4. nel caso di specie, il ricorso di cui trattasi appare privo del quesito di diritto, mentre la censura sollevata con riferimento al vizio di motivazione della sentenza impugnata, pur accompagnata, ai sensi dell’art. 366 bis c.p.c., comma 2, dalla indicazione del fatto controverso in relazione al quale la motivazione stessa sarebbe mancante o contraddittoria, appare manifestamente infondato; infatti il decreto impugnato non ha ritenuto apoditticamente, come sostenuto dal ricorrente, che costituisca prova negativa della condizione di omosessualità il solo fatto che lo straniero abbia atteso anni per espatriare, ma con idonea e logica motivazione, ha rilevato che il ricorrente, nel suo atto di opposizione, non ha fatto cenno alcuno a particolari persecuzioni subite, a causa della sua asserita condizione di omosessualità , nel proprio Stato di origine, dove ha vissuto numerosi anni prima di espatriare, ma si è limitato invece a richiamare l’esistenza in detto Stato “di una legislazione che parrebbe punire l’ omosessualità con pene detentive”, traendo la Corte di merito, da tale constatazione, elementi presuntivi per escludere che lo straniero sia stato sottoposto, nel proprio Stato di origine, a persecuzioni in conseguenza della propria condizione personale e che tale condizione possa in concreto rientrare nella previsione normativa di cui al D.Lgs. n. 286 del 1998, art. 19, comma 1;

5. alla stregua delle considerazioni che precedono e qualora il collegio condivida i rilevi formulati ai punti 3. e 4., si ritiene che il ricorso possa essere trattato in camera di consiglio ai sensi degli artt. 375 e 380 bis c.p.c.”;.

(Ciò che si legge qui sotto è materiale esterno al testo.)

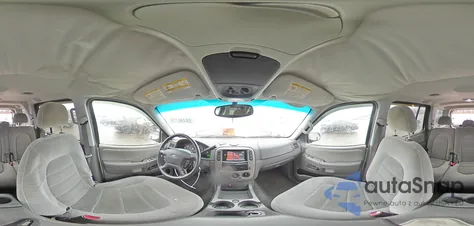 2005 Ford Explorer Xlt из США, поврежденный, VIN 1FMZU73K65UA72365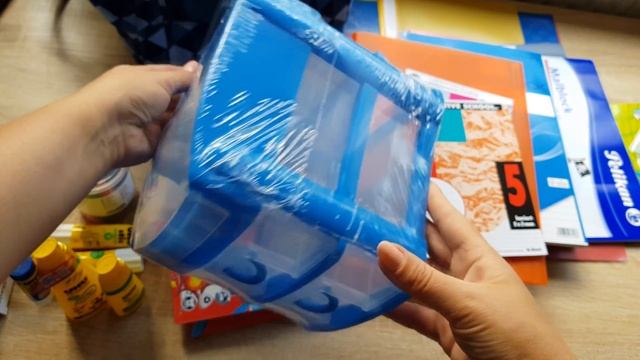 Обзор? школьные принадлежности для 4 класса в Германии ?собираемся в школу? смотреть онлайн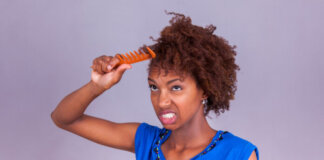 Jeune femme afro-américaine peignant ses cheveux afro crépus - Personnes noires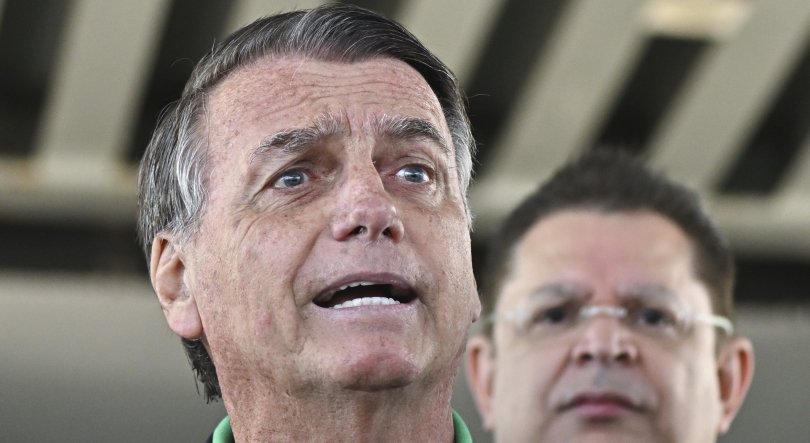Imagem de Jair Bolsonaro com pulseira eletrónica por risco de fuga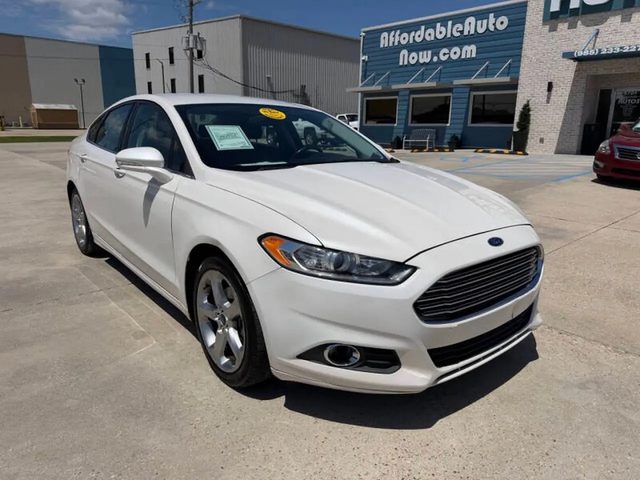 2015 Ford Fusion SE FWD photo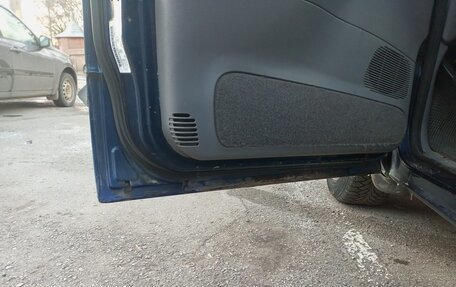 Dodge Caravan III, 2000 год, 185 000 рублей, 2 фотография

B) osservato che il ricorrente non ha depositato memoria e che, a seguito della discussione sul ricorso tenuta nella camera di consiglio, il collegio ha condiviso le considerazioni esposte nella relazione;

ritenuto che alla stregua delle suddette argomentazioni il ricorso deve essere rigettato per manifesta infondatezza, mentre nulla deve disporsi in ordine alle spese del giudizio di cassazione, in quanto l’Ufficio intimato non ha svolto attività difensiva.

 P.Q.M.

 La Corte rigetta il ricorso.

Così deciso in Roma, il 24 giugno 2009.